Market economics and technological drivers:
What international treaties fail to achieve – that of an equitable carbon price and incentives for carbon abatement projects and development are already been driven at national levels and on bilateral agreement levels. This is more the result of corporate entrepreneurship in response to rising oil prices than environmental conscientious governments. The EU ETS – a result of the multi-lateral Kyoto Protocol has seen its carbon price fell to a record low of €6.05 in early April 2012. This was the combination of record corporate investment into renewable energy generation and warm weather that caused an over-allocation of EUAs – a flaw of the cap and trade system that artificially assigns emissions permit quota. Present political discourse is ongoing to reduce the emissions quota so has to increase the EUA price. A higher carbon price is needed to send a strong signal to companies to invest in costlier carbon abatement technologies.

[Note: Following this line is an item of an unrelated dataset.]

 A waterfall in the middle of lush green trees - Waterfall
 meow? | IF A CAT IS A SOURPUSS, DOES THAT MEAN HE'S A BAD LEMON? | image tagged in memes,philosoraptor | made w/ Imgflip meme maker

A cost-benefits study of climate change policies recommends a carbon price that slowly increases through the next decade. An initial low price would enable it to pick low-lying fruits (of low marginal abatement benefits). This is increased through the 2020s when more advanced abatement technologies become more economically feasible. A too high an initial price set would create large opportunity costs to other measures of social and economic welfare.
Recent technological advances and economies of scale have however made in some cases –carbon abatement technologies competitive. For example, onshore wind generation in some cases have reached grid parity. Solar PV generation costs have also been drastically reduced and projected by experts to be competitive with conventional electricity by 2015. Generally, on levelised costs of generating electricity basis, onshore generation of electricity costs between $70-225/ MWh. Solar PV electricity costs $200-$300/MWh. Coal generation and gas-fired levelised costs of electricity have cost between $40-$120/ MWh depending on the costs of fuel. See the 2010 IEA electricity generation costs by fuel. Over the past decade, renewable generation of electricity have benefited from subsidies and feed-in tariffs, which provided it initial consumer acceptance and lower costs. It is a victim of its own success now with a cut of the solar installation subsidy in Germany by as much as 29% from 1 Apr ’12 while the tax breaks for wind manufacturers in USA may not be extended beyond end of this year.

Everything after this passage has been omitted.